Once you find the line with "Then you can", transcribe it and all the lines that follow to the end of the data, exactly as written; skip any pictures.

◆ **GIVEN MATERIAL**:
══════════════════════════════

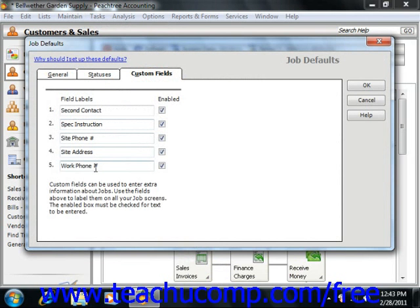Once you define what you want to track in the defaults, you can then enter the specific values to track for each new job record that you create in the future.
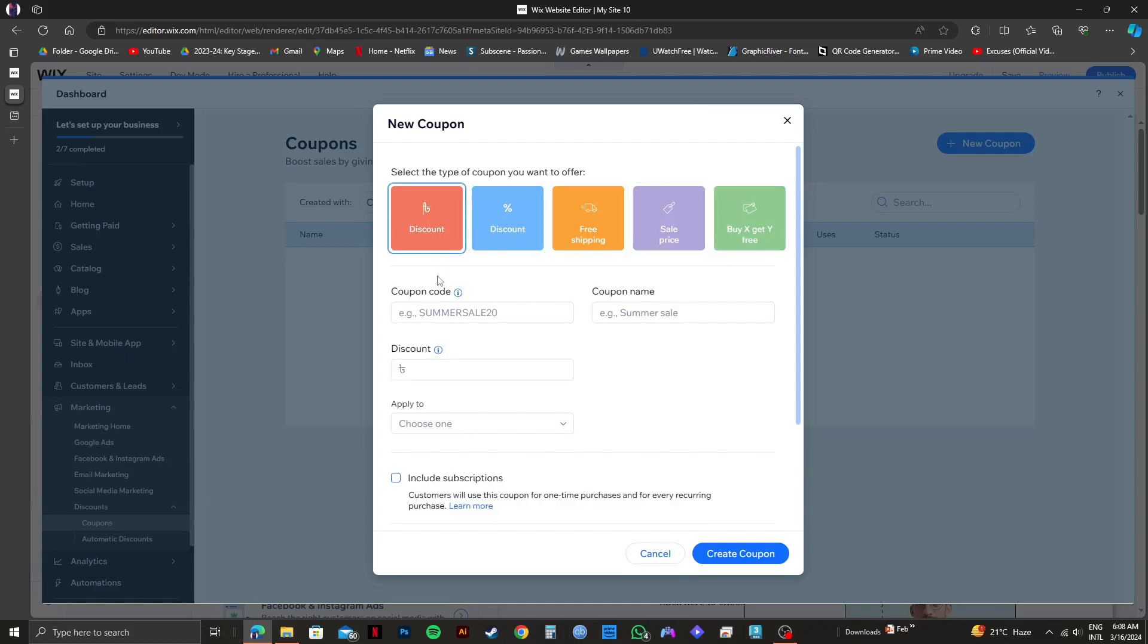Then you can type in a coupon code, a coupon name, the discount amount and then apply to. You can choose include subscriptions if you want and click on create coupon.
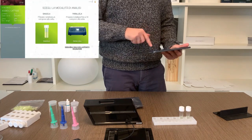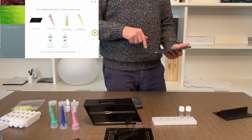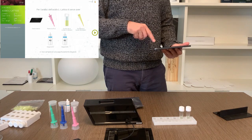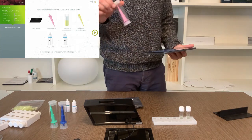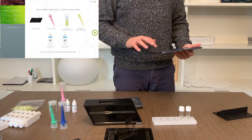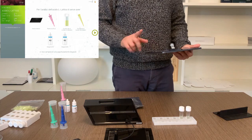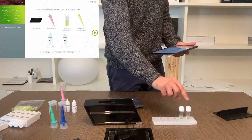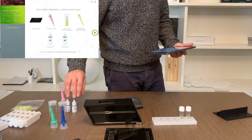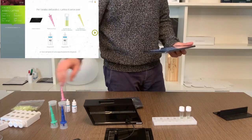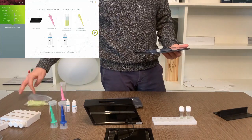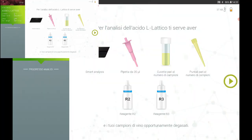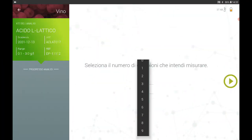At this point the app shows you all the material you need to carry out the analysis, which you can prepare on your workbench so that you have everything you need when you start with the manual operation. Continue, set the number of samples you want to analyze for this parameter and give a specific name to each of them.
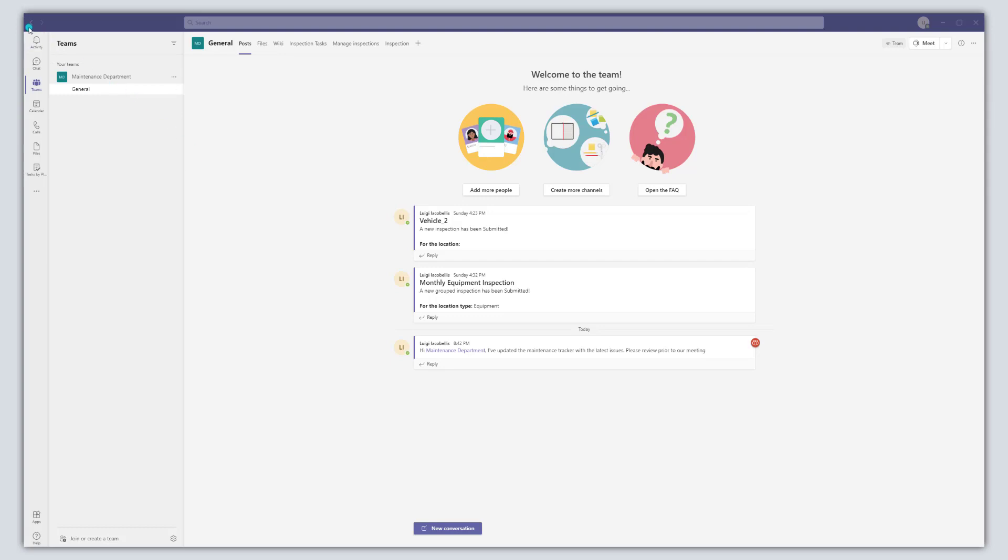Now to access this history menu all you need to do is hover your cursor over the back navigation button in the top left-hand corner of the screen and you're going to see that this is going to display a list of recently accessed places in the Microsoft Teams app.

══════════════════════════════

◆ **OUTPUT BELOW**:
Then you can type in a coupon code, a coupon name, the discount amount and then apply to. You can choose include subscriptions if you want and click on create coupon.
At this point the app shows you all the material you need to carry out the analysis, which you can prepare on your workbench so that you have everything you need when you start with the manual operation. Continue, set the number of samples you want to analyze for this parameter and give a specific name to each of them.
Now to access this history menu all you need to do is hover your cursor over the back navigation button in the top left-hand corner of the screen and you're going to see that this is going to display a list of recently accessed places in the Microsoft Teams app.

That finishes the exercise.